The role of chief executive of the Football Association is a notoriously difficult one. So much so the FA have decided to open up applications to the general public
Anyone browsing the job sections in the broadsheet press of late may have noticed an advertisement for the post of chief executive of the Football Association. The current holder of the post, Brian Barwick, leaves officially at the end of the year, although he has had plenty of time to improve his putting technique since the summer, when he was relieved of most of his responsibilities by FA chairman Lord Triesman.
The deadline for applications was November 21, with the candidate-sifting being done by a headhunting firm called Nolan Partners, who offer “executive search and selection in sport”. In a doubtlessly doomed bid to forestall a postbag packed with unsuitable CVs, the advert stated: “It is unlikely that anyone without a track record of running a substantial business or organisation will have the necessary experience to take on this role.” Such caveats are unlikely to have put off delusional applicants, however, not least when they only appeared in the eighth of 12 paragraphs, in among babble about “complex multi-stakeholder environments”.
But relevant experience may not count for much in any case.
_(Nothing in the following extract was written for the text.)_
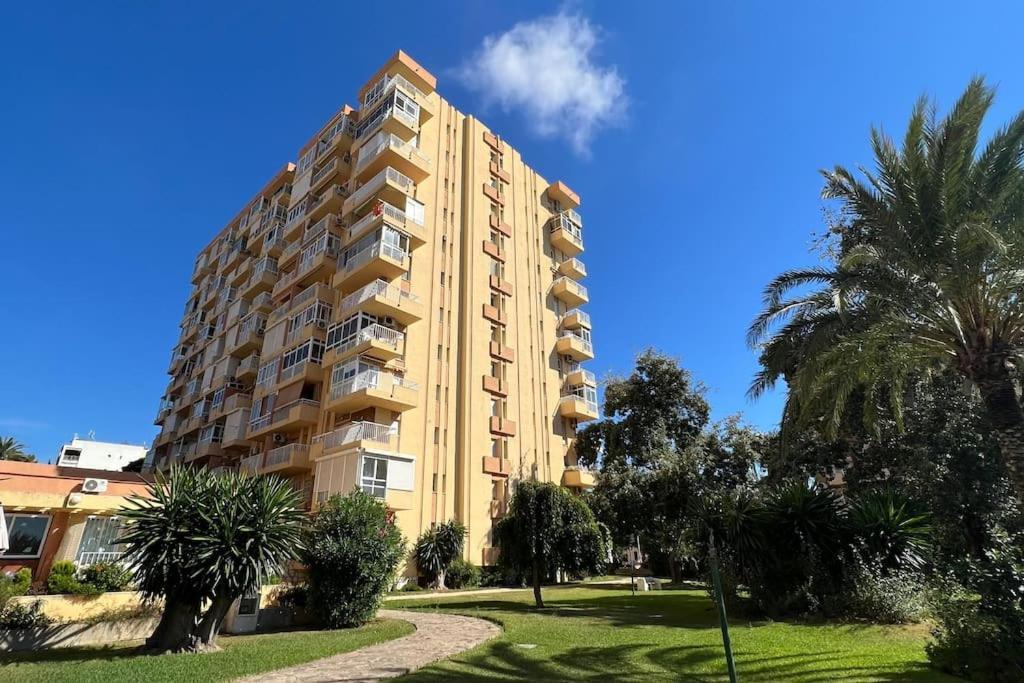 Estudio Aguila Con Vistas Al Mar Benalmádena Exteriör bild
Barwick, head of sport at both major terrestrial channels, negotiated the FA’s latest TV deal, worth £425 million. But many felt the FA should have opted for the BBC and Sky, who would have generated bigger audiences than ITV and Setanta. One might also wonder whether an executive committee of complete novices might have made a better job of selecting a replacement for Sven-Göran Eriksson as England coach in 2006, when Sven’s erstwhile assistant finally got the nod because the FA chief executive and his colleagues messed up an approach to Big Phil Scolari.
There has been a shortage of speculation about likely candidates for the post, which is no surprise given the curse that has affected previous holders. When Graham Kelly was undone by a loan to the Welsh FA in 1998, it took more than a year of David Davies holding a stand-in role before Adam Crozier arrived from Saatchi and Saatchi. Davies even got to appoint an England coach, after Glenn Hoddle’s spontaneous combustion.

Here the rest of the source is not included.